How many pairs of primes are there such that $pq < 10^6$ I'm trying to implement this function in my program, so I think that I should find that the number of pairs $$(p, q)$$ such that both p, q are prime numbers and: $$p\cdot q < 10^6$$
I'm not really good in number theory, I know that there are $78498$ primes under one million, but I know that only some of those primes form combinations that are less that one million.
Thanks in advance.
 A: There are
$$\sum_{\substack{p\text{ prim}\\p\,\le\, 10^6}}\pi\left(\frac{10^6}p\right)=419902$$
pairs, where $\pi(x)$ is the prime counting function. $10^6$ is not the product of two primes. So it suffices to count for every prime $p\le 10^6$ the number of primes $q$ less or equal $10^6/p$, because then $pq<10^6$. Actually, we only have to check $p\leq 10^6/2$ as the smallest other prime to multiply with is $2$. 
I chose this form above because this was actually feasible to calculate on my computer using Mathematica. Mathematica certainly implements an efficient version of $\pi(x)$.
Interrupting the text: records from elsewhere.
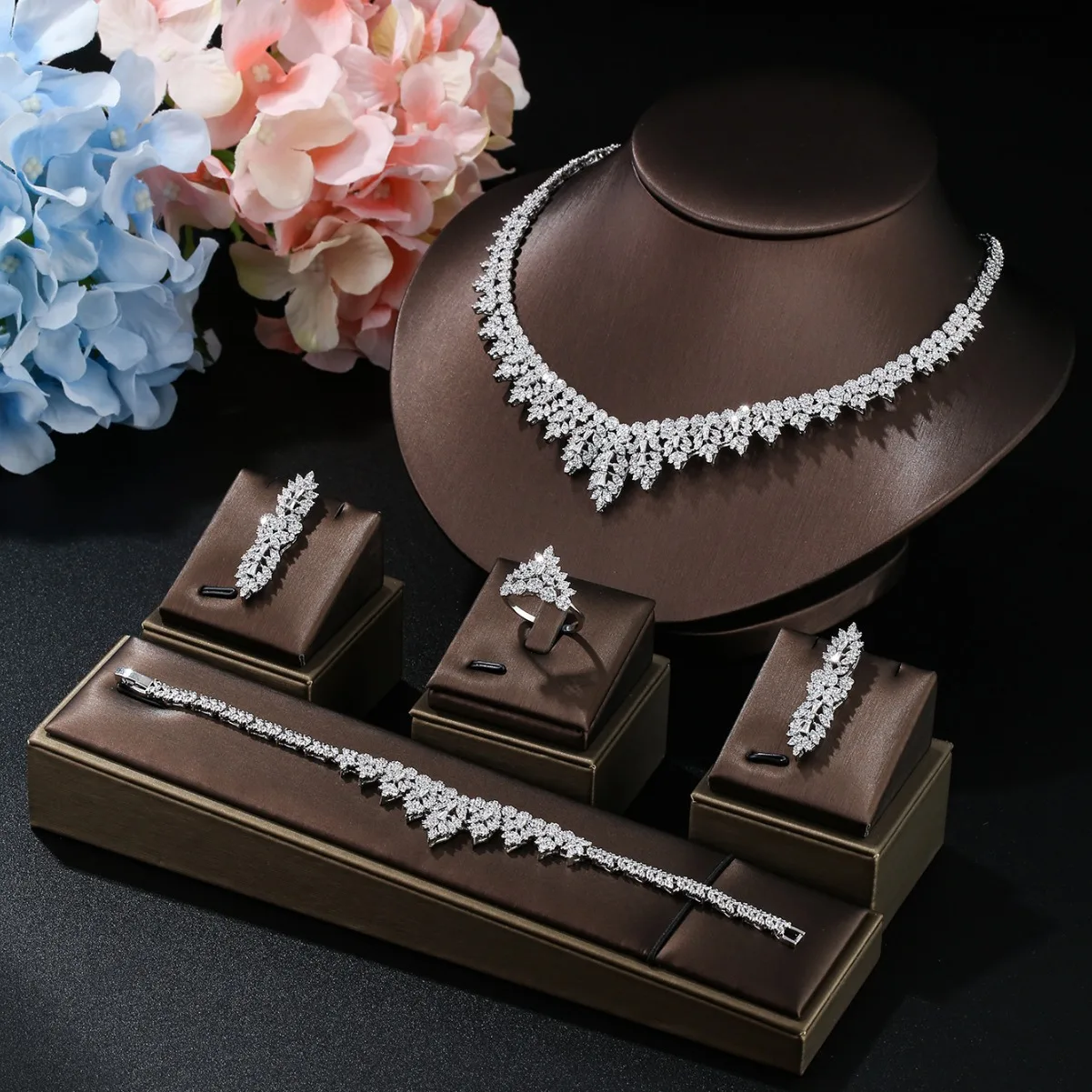 4pcs Luxury Bridal Jewelry Set For Wedding Cubic Zirconia Dubai Indian Necklace Earring Bracelet Ring For Women Bride Jewellery
4pcs Luxury Bridal Jewelry Set For Wedding Cubic Zirconia Dubai Indian Necklace Earring Bracelet Ring For Women Bride Jewellery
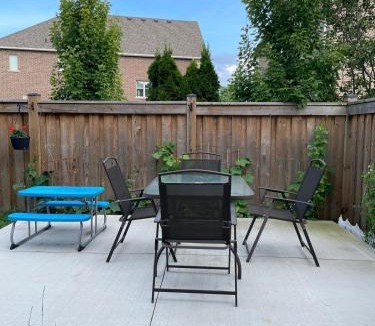 Oakville Apartment | New Basement Apartment unit sleeps 4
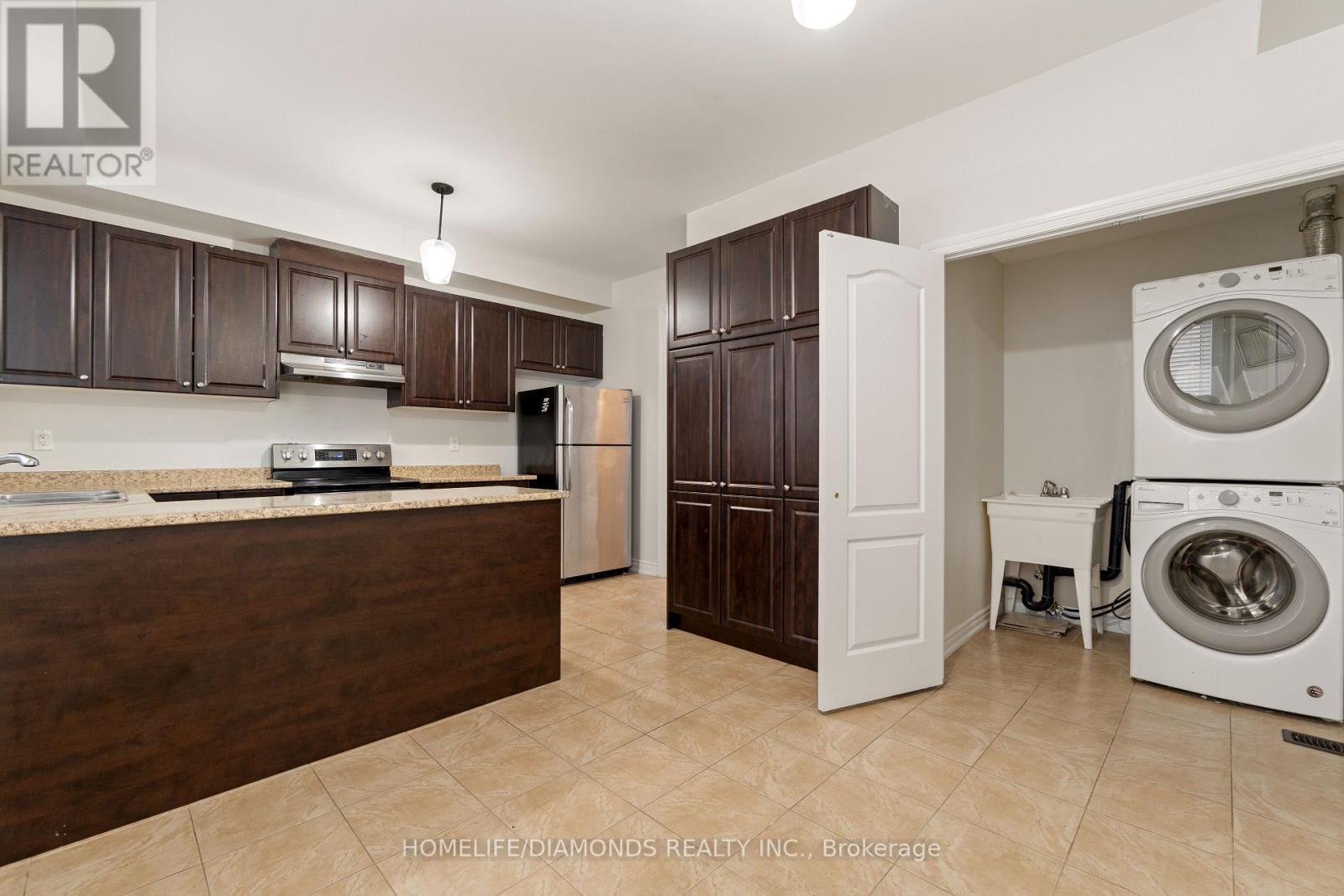 43 Sprucewood Road, Brampton, ON - Indoor Photo Showing Laundry Room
Here is an even faster version to execute (motivated by Roddy):
$$2\cdot\sum_{\substack{p\text{ prim}\\p\,\le\, 1000}}\pi\left(\frac{10^6}p\right)-\pi(1000)^2=419902.$$
It uses that at least one factor has to be at most $1000=\sqrt{10^6}$. So we sum only over primes $p\le 1000$. The factor $2$ then account for the flipped version $(p,q)\to(q,p)$. As this counts everything twice with $p,q\le 1000$, we have to subtract this in the end.
A: The number of numbers less than 1000000 with k prime factors are: 
k=1: 78498, k=2: 210035, 3: 250853, 4:198062, 5:124465,6: 68963, 7: 35585, 8: 17572, 9: 8491, 
10: 4016, 11: 1878, 12: 865, 13: 400, 14: 179, 15: 79, 16: 35, 17: 14, 18: 7, 19:  2.  
The number of near-primes $pq\leq 10^6 = 210035.$ 
Basically you have to write a program to count the number of primes in each number and sort through them. The generalized prime number theorem gives a quick estimate which is good for k small compared to $\log_2 n.$
A: Just make a list of prime numbers upto $5\times10^5$ let it be $l_1$.
Create a list to store $p$ and $q$ let it be $l_2$.
Iterate over the list of prime element  and let the element you get by each iteration be $p$.
Enter $l_1$ by removing all elements less than $p$ to a function along with $l_2$, the work of function is given below -
Iterate over list starting from $p$ and let the element you get each time be $q$.
Check at every step if $pq$ is less than million if it is than store $p$ and $q$ in the list and if it is not than break.